**Your task**
Start to finish, return the listing exactly as written.

* * * *

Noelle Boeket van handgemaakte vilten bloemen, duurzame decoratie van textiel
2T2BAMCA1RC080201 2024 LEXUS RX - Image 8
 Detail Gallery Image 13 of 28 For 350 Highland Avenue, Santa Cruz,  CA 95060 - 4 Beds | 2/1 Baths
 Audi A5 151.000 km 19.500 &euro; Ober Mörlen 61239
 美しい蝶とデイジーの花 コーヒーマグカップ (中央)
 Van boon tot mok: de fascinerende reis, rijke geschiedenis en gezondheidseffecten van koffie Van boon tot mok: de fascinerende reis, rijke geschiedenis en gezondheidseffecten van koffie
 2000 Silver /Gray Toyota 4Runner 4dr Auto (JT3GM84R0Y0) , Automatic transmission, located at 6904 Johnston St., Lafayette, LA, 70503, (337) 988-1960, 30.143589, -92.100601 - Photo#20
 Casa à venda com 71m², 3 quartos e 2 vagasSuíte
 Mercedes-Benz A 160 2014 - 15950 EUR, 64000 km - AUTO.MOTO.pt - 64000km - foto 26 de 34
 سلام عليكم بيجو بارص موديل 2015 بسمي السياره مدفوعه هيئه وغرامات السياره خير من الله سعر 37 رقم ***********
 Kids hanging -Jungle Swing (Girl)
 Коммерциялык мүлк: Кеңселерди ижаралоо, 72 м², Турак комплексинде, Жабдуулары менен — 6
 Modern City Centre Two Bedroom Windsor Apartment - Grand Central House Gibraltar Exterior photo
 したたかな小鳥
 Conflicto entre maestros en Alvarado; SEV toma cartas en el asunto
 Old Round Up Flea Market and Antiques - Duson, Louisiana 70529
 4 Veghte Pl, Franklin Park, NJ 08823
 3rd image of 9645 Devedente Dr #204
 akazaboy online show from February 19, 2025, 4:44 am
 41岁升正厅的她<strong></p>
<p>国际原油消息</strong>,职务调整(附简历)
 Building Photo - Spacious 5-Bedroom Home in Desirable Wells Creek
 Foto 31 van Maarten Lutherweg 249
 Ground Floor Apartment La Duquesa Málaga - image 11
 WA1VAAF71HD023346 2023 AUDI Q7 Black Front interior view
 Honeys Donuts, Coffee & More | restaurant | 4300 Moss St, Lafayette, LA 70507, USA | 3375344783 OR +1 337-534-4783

* * * *

**Solution below**
Noelle Boeket van handgemaakte vilten bloemen, duurzame decoratie van textiel
2T2BAMCA1RC080201 2024 LEXUS RX - Image 8
 Detail Gallery Image 13 of 28 For 350 Highland Avenue, Santa Cruz,  CA 95060 - 4 Beds | 2/1 Baths
 Audi A5 151.000 km 19.500 &euro; Ober Mörlen 61239
 美しい蝶とデイジーの花 コーヒーマグカップ (中央)
 Van boon tot mok: de fascinerende reis, rijke geschiedenis en gezondheidseffecten van koffie Van boon tot mok: de fascinerende reis, rijke geschiedenis en gezondheidseffecten van koffie
 2000 Silver /Gray Toyota 4Runner 4dr Auto (JT3GM84R0Y0) , Automatic transmission, located at 6904 Johnston St., Lafayette, LA, 70503, (337) 988-1960, 30.143589, -92.100601 - Photo#20
 Casa à venda com 71m², 3 quartos e 2 vagasSuíte
 Mercedes-Benz A 160 2014 - 15950 EUR, 64000 km - AUTO.MOTO.pt - 64000km - foto 26 de 34
 سلام عليكم بيجو بارص موديل 2015 بسمي السياره مدفوعه هيئه وغرامات السياره خير من الله سعر 37 رقم ***********
 Kids hanging -Jungle Swing (Girl)
 Коммерциялык мүлк: Кеңселерди ижаралоо, 72 м², Турак комплексинде, Жабдуулары менен — 6
 Modern City Centre Two Bedroom Windsor Apartment - Grand Central House Gibraltar Exterior photo
 したたかな小鳥
 Conflicto entre maestros en Alvarado; SEV toma cartas en el asunto
 Old Round Up Flea Market and Antiques - Duson, Louisiana 70529
 4 Veghte Pl, Franklin Park, NJ 08823
 3rd image of 9645 Devedente Dr #204
 akazaboy online show from February 19, 2025, 4:44 am
 41岁升正厅的她<strong></p>
<p>国际原油消息</strong>,职务调整(附简历)
 Building Photo - Spacious 5-Bedroom Home in Desirable Wells Creek
 Foto 31 van Maarten Lutherweg 249
 Ground Floor Apartment La Duquesa Málaga - image 11
 WA1VAAF71HD023346 2023 AUDI Q7 Black Front interior view
 Honeys Donuts, Coffee & More | restaurant | 4300 Moss St, Lafayette, LA 70507, USA | 3375344783 OR +1 337-534-4783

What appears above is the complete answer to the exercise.